──────── Information shown ────────

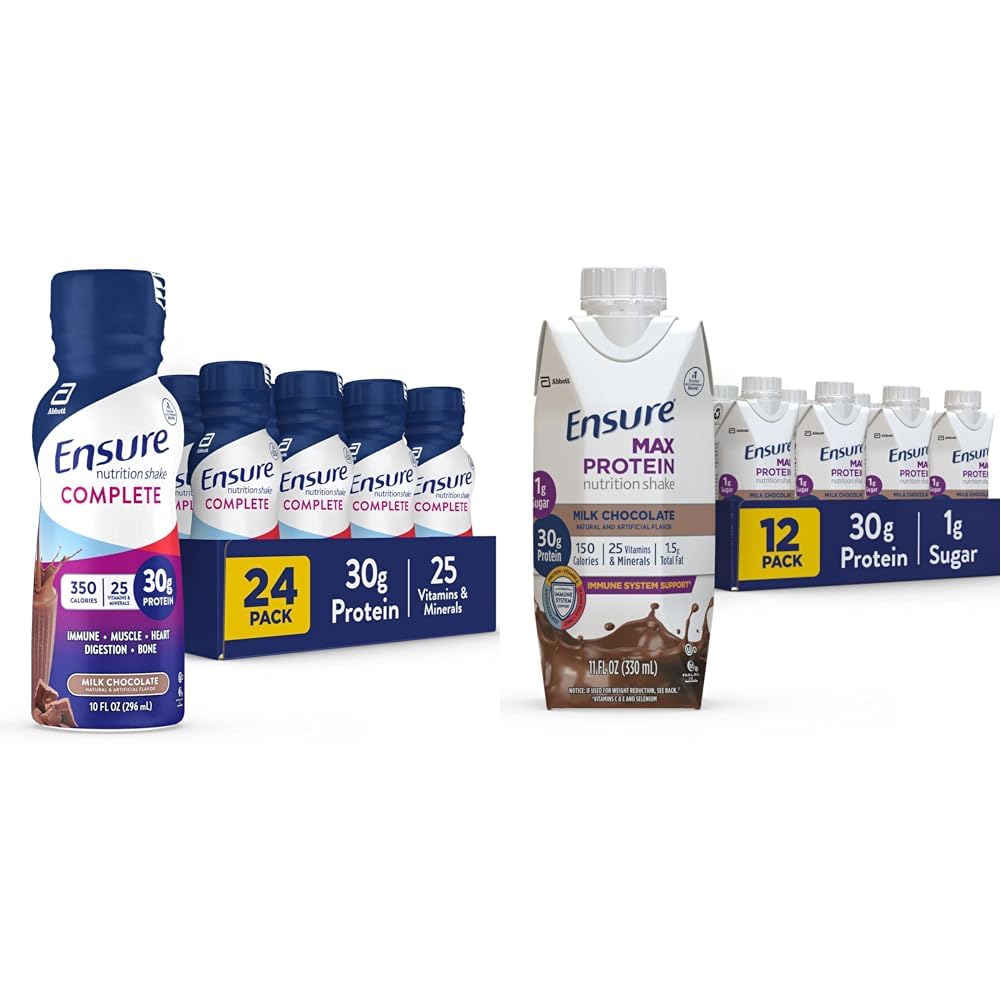 Ensure COMPLETE Nutrition Shake & Max Protein Nutrition Shake with 30g of Protein, 1g of Sugar, High Protein Shake, Milk Chocolate, 11 Fl Oz (Pack of 12), Liquid, Halal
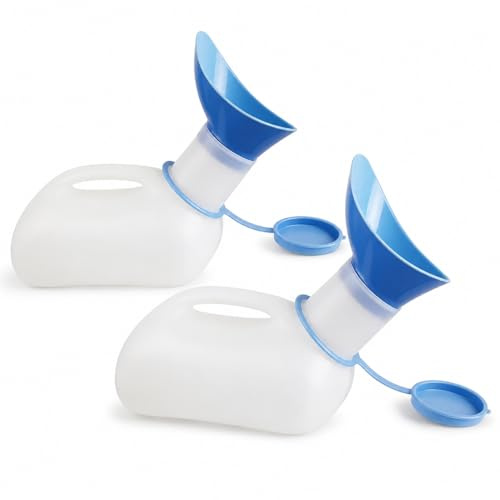 Unisex Male Urinal Bottle 1L with Lid, Portable Reusable Urine Container for Men Women Elderly Patients, Bedside Travel Camping Car Hospital, Leak Resistant (Unisex 1L Style 2 (Pack 2))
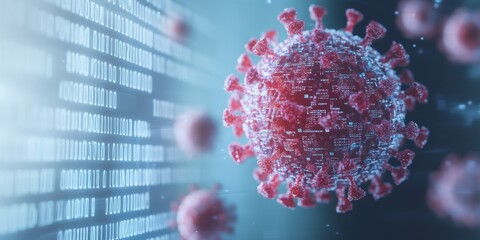 Covid-19 Impact on Modern Society Digital Composite of Virus Particles Surrounded by Code and Technology Symbols, Daytime, Neutral Mood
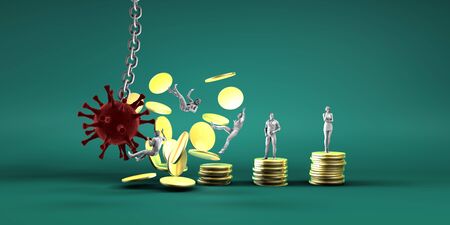 Virus Crashing into World Economy and Destroying Industries Businessesの写真素材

────────

*Problem details*. Give back exactly the lines from the first line of the data through the line with "Unisex Male Urinal", pictures excluded.

*Output*.
 Ensure COMPLETE Nutrition Shake & Max Protein Nutrition Shake with 30g of Protein, 1g of Sugar, High Protein Shake, Milk Chocolate, 11 Fl Oz (Pack of 12), Liquid, Halal
 Unisex Male Urinal Bottle 1L with Lid, Portable Reusable Urine Container for Men Women Elderly Patients, Bedside Travel Camping Car Hospital, Leak Resistant (Unisex 1L Style 2 (Pack 2))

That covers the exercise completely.